Emiliano Olcese

Personal information
- Full name: Emiliano Olcese
- Date of birth: 14 May 1983 (age 43)
- Place of birth: Buenos Aires, Argentina
- Position: Forward

Team information
- Current team: SP La Fiorita
- Number: 9

Senior career*
- Years: Team / Apps / (Gls)
- -2003: Argentinos Juniors
- 2003: Livingston / 0 / (0)
- 2004–2005: Matera
- 2005–2007: Club Atlético Sarmiento
- 2007: Gelbison Cilento Vallo della Lucania
- 2007–2010: Casertana
- 2010–2011: Rimini
- 2011–2012: ASD Polisportiva Sarnese Calcio / 26 / (15)
- 2012: AC Ancona / 12 / (3)
- 2012–2013: SSD Città di Teramo / 18 / (1)
- 2013–2014: ASD Battipagliese / 27 / (15)
- 2014–2015: Fidelis Andria 2018 / 29 / (13)
- 2015–2017: San Marino Calcio / 64 / (33)
- 2017: SP La Fiorita / 0 / (0)
- 2017–2018: Vis Pesaro dal 1898 / 33 / (21)
- 2018: SP La Fiorita / 0 / (0)
- 2018–2019: Vis Pesaro dal 1898 / 34 / (5)
- 2019: SSD Casarano Calcio / 15 / (2)
- 2019–2020: Taranto FC 1927 / 10 / (0)
- 2020–2021: AS Pineto Calcio / 12 / (1)
- 2021: SSD San Nicolò Notaresco / 19 / (3)
- 2021–2023: AC Libertas / 59 / (28)
- 2023-: SP La Fiorita / 77 / (36)

= Emiliano Olcese =

Argentinian footballer (born 1983)

Emiliano Olcese (born 14 May 1983) is an Argentinian professional footballer who played as a forward for SP La Fiorita.

==Club career==
Olcese started his career at Argentinos Juniors.

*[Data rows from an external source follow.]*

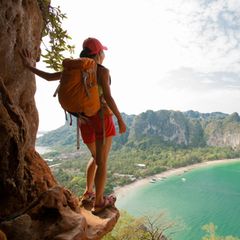 Reiseführer für Thailand: Eine Rucksacktouristin steht auf einem Berg und schaut auf das Meer.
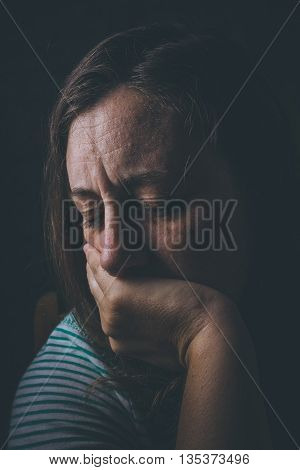 woamn duffering from Fear, loneliness, depression, abuse, addiction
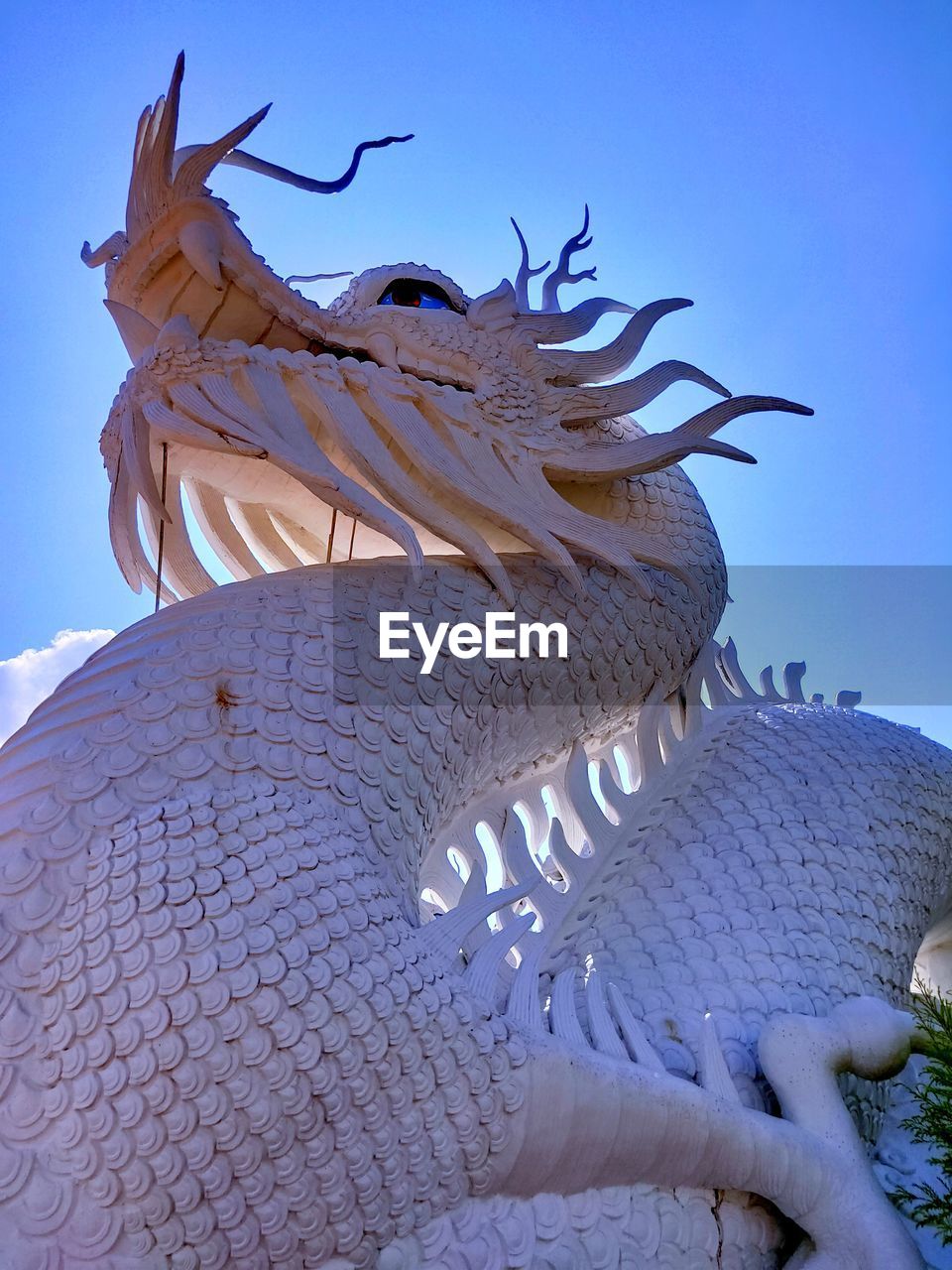 Low angle view of statue against blue sky and building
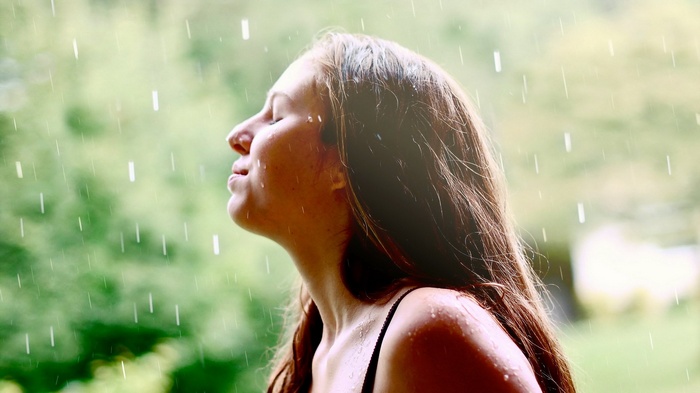 Woman enjoying the rain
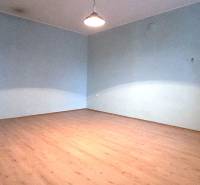 A room in a family house with a wooden decor floor and blue walls.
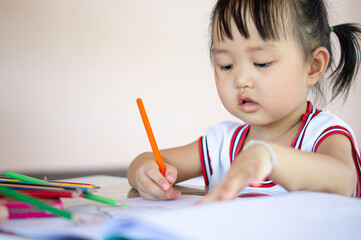 A young Asian female toddler with black hair is smiling. She happily with Colored pencils.And copy space.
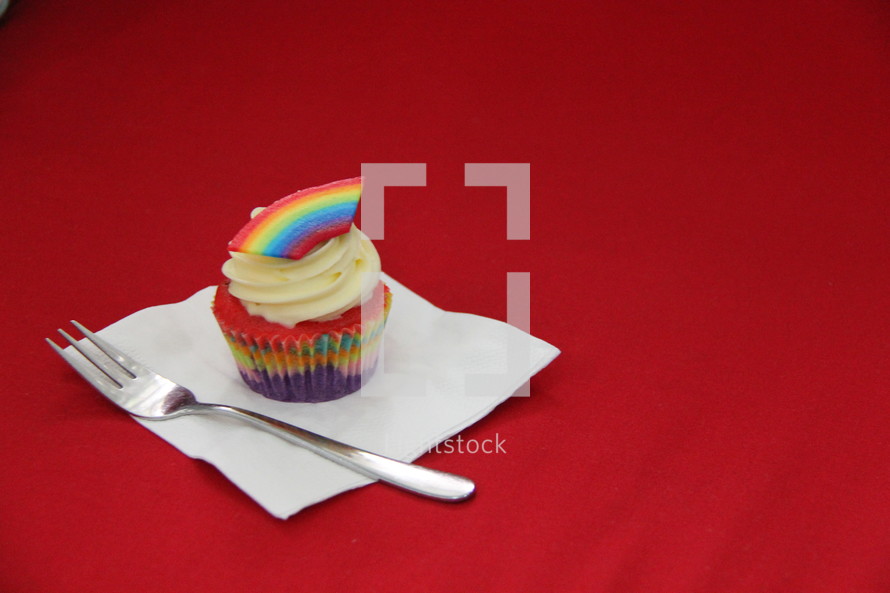 Cupcake decorated with cream cheese, sprinkles and a fondant rainbow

In 2003, Olcese signed for Scottish side Livingston. He left the club after less than one season without making a single first team appearance.

Since leaving Livi, the journeyman striker has played for various clubs in Argentina, Italy and San Marino.